Nicolás Maduro puso en marcha el plan definitivo de control político y social

Por Pedro Benítez @PedroBenitezF.- Centenares de miles de personas solicitando el “Carnet de la Patria”, incluso en contra de sus opiniones políticas, es la otra realidad de Venezuela. Aprovechando la brutal depauperación de la sociedad venezolana producto de la hiperinflación y la destrucción de fuentes de riqueza, el gobierno de Nicolás Maduro intenta refinar sus mecanismos de dominación colectiva por medio del miedo al hambre. En Venezuela está en marcha el más ambicioso plan de control social y político que ha conocido nunca el continente americano fuera de Cuba.


Pedro Benítez.

Por Pedro Benítez @PedroBenitezF.- Mientras se desarrollaba el intento de negociación entre Gobierno y Oposición en República Dominicana, y al mismo tiempo que no cesaba la persecución judicial y policial contra el entorno petróleo de Rafael Ramírez, decenas, probablemente centenas de miles de venezolanos se veían obligados en todo el país a realizar colas de 12 horas o más para obtener el “Carnet de la Patria”.

En algunos sitios los “coordinadores” de las filas cobraban entre 10 y 20 mil bolívares por adelantar a las personas.

En medio de la destrucción económica propiciada por el mismo Gobierno, el acceso a los CLAP, ahora al Carnet de la Patria es una esperanza para escapar del hambre. Así de crudo.

El socialismo del siglo XXI terminó recorriendo el mismo camino de los otros socialismos del siglo XX; cuando sus promesas de abundancia material no se cumplieron, sus promotores descubrieron las oportunidades de control político que la penuria generalizada les ofreció como consecuencia de su modelo económico. De la Rusia a Cuba pasando por China. En todos lados la historia fue la misma.

El Carnet de la Patria tiene en la parte posterior un código QR (código de respuesta rápida por sus iniciales en inglés), una evolución del código de barras que permite el almacenamiento y lectura de información ilimitada según su requerimiento.

Venezuela no podía ser la excepción. El proyecto socialista de Hugo Chávez engendró la mala administración del hambre de Nicolás Maduro.

Según el primer mandatario nacional “de ahora en adelante todo se hará a partir de este carnet”. Desde el acceso a adquirir los CLAP, pasando por las medicinas y cualquier otro servicio que preste el Estado.

El propósito es claro y Maduro no lo oculta: “Toda persona que vaya a ejercer el voto debe llevar su Carnet de la Patria y chequearse en los puntos rojos adyacentes a su centro de votación”.
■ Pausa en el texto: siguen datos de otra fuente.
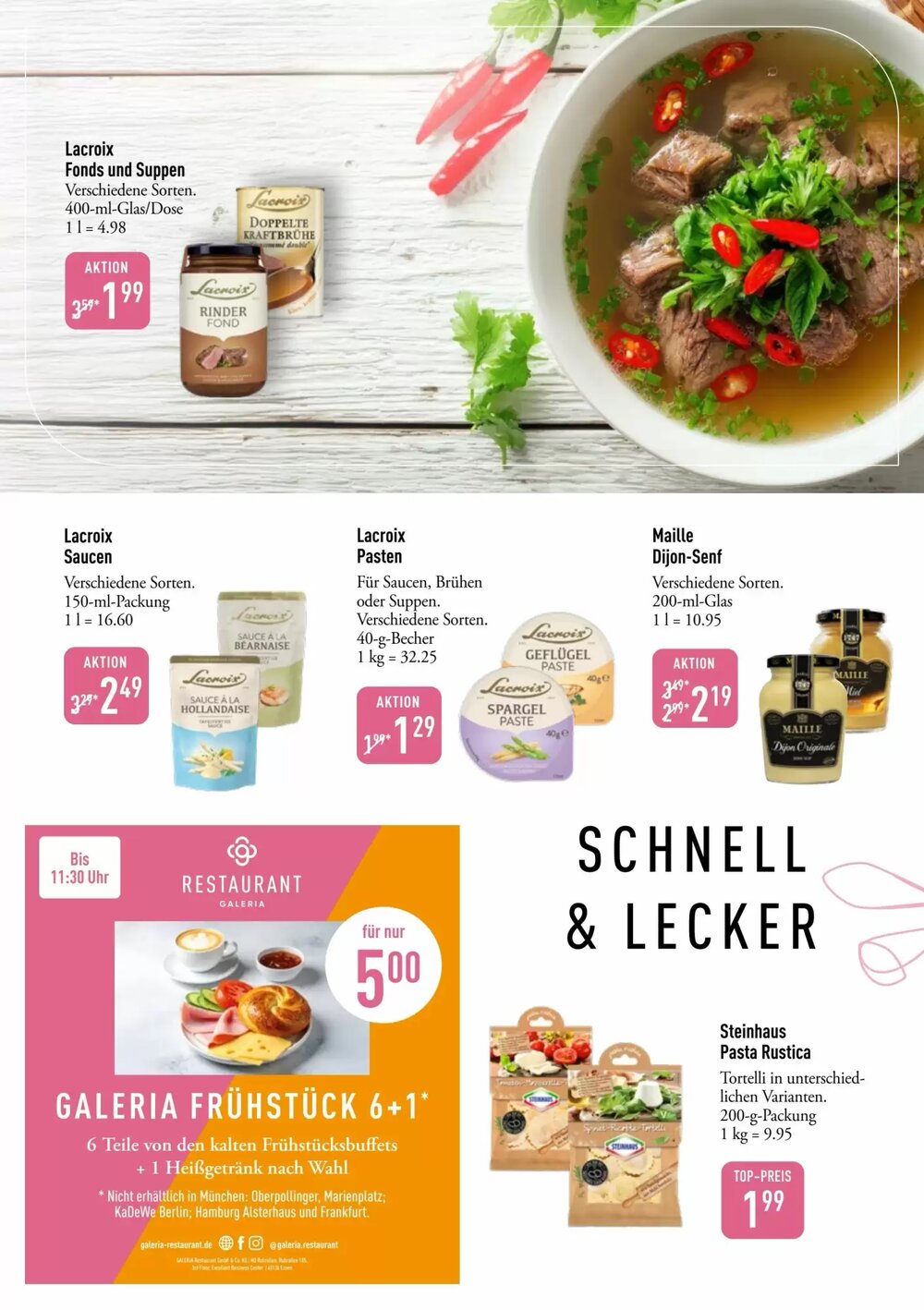 Galeria Markthalle Prospekt (ab 30.03.2026) zum Blättern - Seite 9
A confesión de parte, relevo de pruebas. Votos a cambio de comida para una población hambrienta o con miedo al hambre. Puede sonar a las ya conocidas prácticas populistas latinoamericanas, sólo que en este caso es el contexto socio-económico lo que le da un aspecto siniestro.

El accionar oficial parece dirigirse a una situación en la cual a los venezolanos sólo les quedará dos opciones de vida: Emigrar o someterse. La falta de alternativas para protegerse de la hiperinflación y la escasez de alimentos potencia la efectividad del denominado carnet que pretende violar el secreto del voto o persuadir a su usuario de que el Gobierno sabe por quién se vota. Al final es lo mismo. En las elecciones de gobernadores demostró su utilidad para los candidatos del Partido Socialista Unido de Venezuela (PSUV).

Pero a lo anterior hay que agregarle un aspecto que en las largas colas del fin de semana se hizo patente: El sentimiento de humillación colectiva. Te obligó a que te saques el Carnet de la Patria así no te guste. Este estilo de promoverle e imponerlo no pude ser casual, responde a una lógica.

Así como el régimen madurista insiste en imponer que su Asamblea Nacional Constituyente (ANC) sea reconocida públicamente por los partidos políticos de Oposición, al mismo tiempo les impone a los venezolanos el someterse al Carnet de la Patria. Es el mismo método.

Como ya se ha dicho el chavismo/madurismo es un sistema de dominación.

Empobrecer, aunque no haya sido la intención inicial, sí está sirviendo para el propósito original de controlar a todo el país. Las nacionalizaciones de bancos y grandes empresas como Cantv o La Electricidad de Caracas, así como las masivas expropiaciones de tierras y fincas productivas de la década pasada buscaban precisamente esto. De allí hemos llegado a esta versión siglo XXI de las cartillas de racionamiento. Es historia conocida.

Pero nada de esto estaría completo sin conseguir quebrar física y moralmente a la propia sociedad. Ese es el método que hay detrás de la ANC, los CLAP y el Carnet de la Patria. Reducir al venezolano a pelear todos los días por sus necesidades básicas, y anular así cualquier aspiración moral.